The day that Republican nominee Donald Trump was set to give a much-anticipated speech to close out the Republican National Convention, Facebook employees designated as one of the site’s “trending topics” a report about George W. Bush expressing dismay about Trump and the future of the Republican Party. But the story wasn’t new — it was two days old.
The story originated as a one-sentence quote attributed to the former president in a Politico Magazine story on Tuesday morning.
“I’m worried that I will be the last Republican president,” Bush reportedly told advisers in mid-April when Trump and Sen. Ted Cruz were the only remaining candidates in the Republican primary.
A handful of others new outlets, including CNN and The Hill, covered the quote that same day, but it was largely drowned out by coverage of Melania Trump’s partially-plagiarized speech from the night before. And yet, on Tuesday, the story was among Facebook’s trending topics accompanied by a sad-looking picture of the 43rd president.

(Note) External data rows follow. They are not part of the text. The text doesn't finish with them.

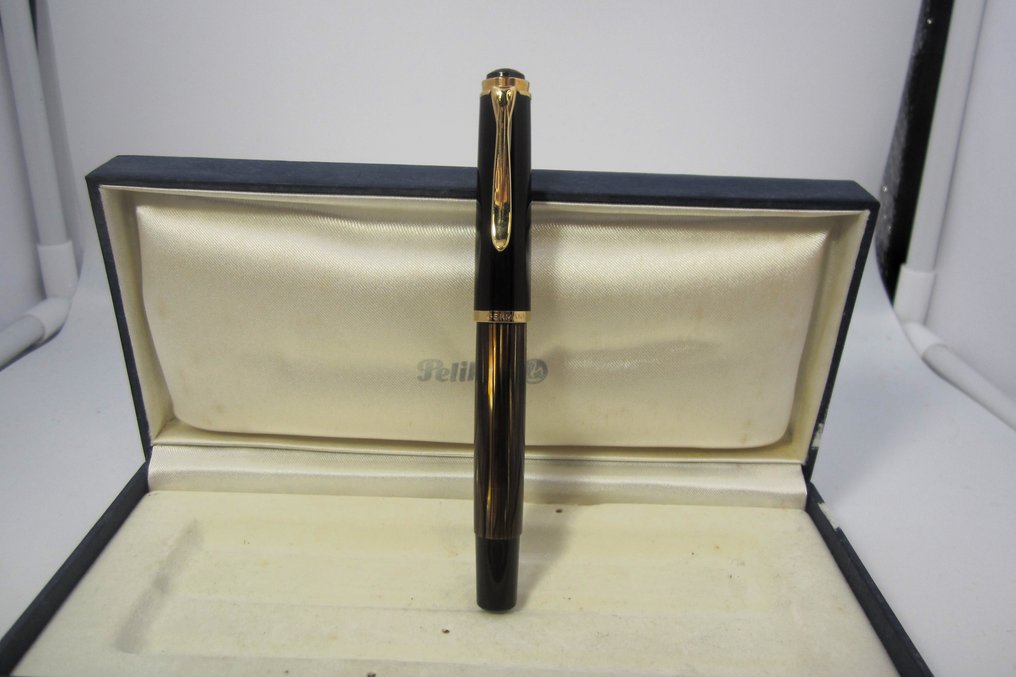 Pregiata Pelikan tartaruga M400 - Pennino in oro 14ct. - Prodotta in Germania - Anni '80 - Fountain pen #3.2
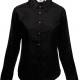 Fruit of the Loom - CHEMISE FEMME MANCHES LONGUES OXFORD (65-002-0) - Black - L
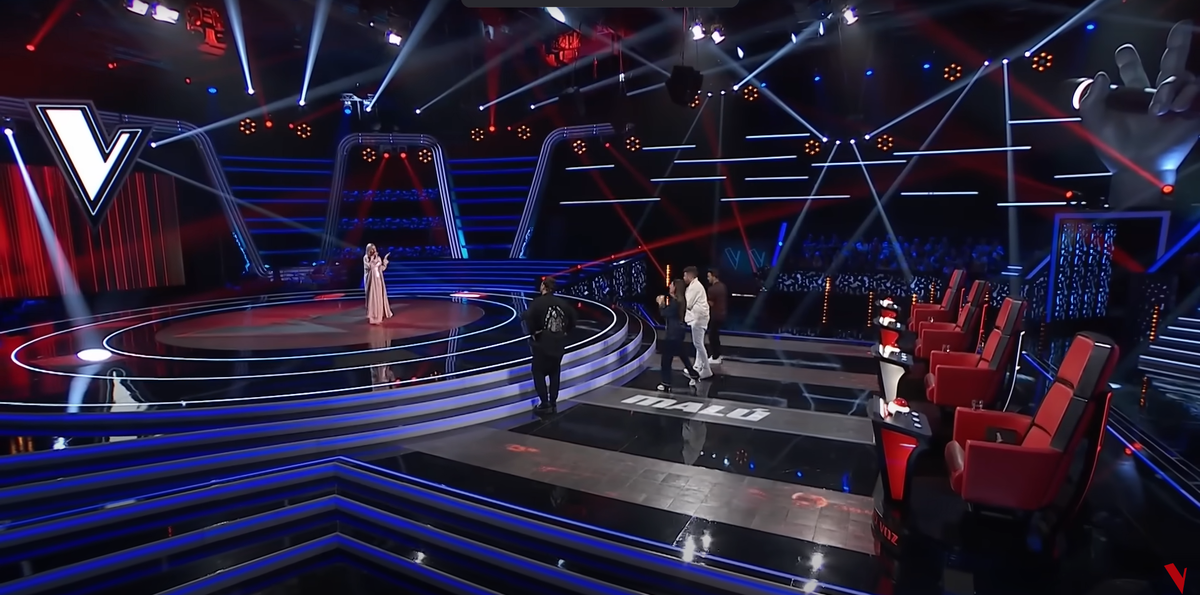 Выступление на голосе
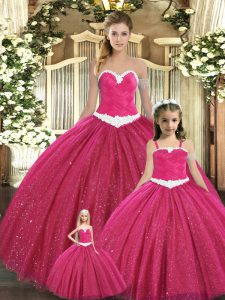 Graceful Sleeveless Lace Up Floor Length Ruching Quinceanera Dress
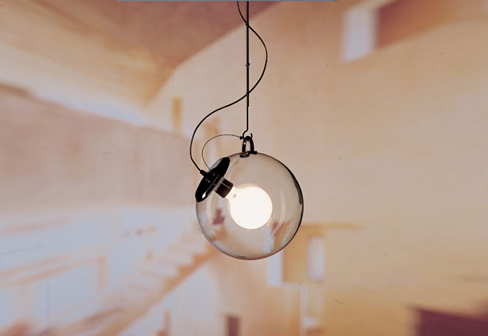 Modern pendant lamp, Artemide Miconos suspension lamp/light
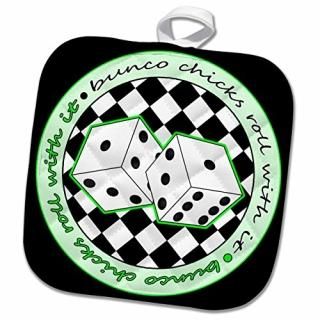 3dJanna Salak Designs Bunco??Bunco Chicks Roll with Itԥandۥ磻??Ĥ 8 x 8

The story can be seen in screenshots of Facebook’s trending topics uploaded to Twitter Thursday morning and remained through 3:41 p.m. Eastern time, when The Daily Caller captured the screenshot above.
This is the “trending” Facebook topics on the last day of #RNCinCLE
cc @glennbeck @LibertarianBlue @lucasnolan_ pic.twitter.com/vVeUKOWD6D
— Eric (@ELWemlin) July 21, 2016
This Facebook trending list is full of depressing stuff, except the last GOP president part. Fingers crossed! pic.twitter.com/nvLCZzXeiL
— Hrag (@hragv) July 21, 2016
Facebook has long faced accusations of liberal bias — accusations that only increased in May when several former employees told Gizmodo that the company’s employees routinely elevated liberal causes like Black Lives Matter while suppressing conservative news. Internal documents leaked to The Guardian that same month revealed that Facebook employees — not algorithms — decide what does and doesn’t make the trending topics list.
TheDC reached out to Facebook to ask why, just hours before a crucial speech by the Republican nominee, the company chose to resurrect as “trending” a two-day-old story portraying that nominee in a negative light. By press time, Facebook had not yet replied.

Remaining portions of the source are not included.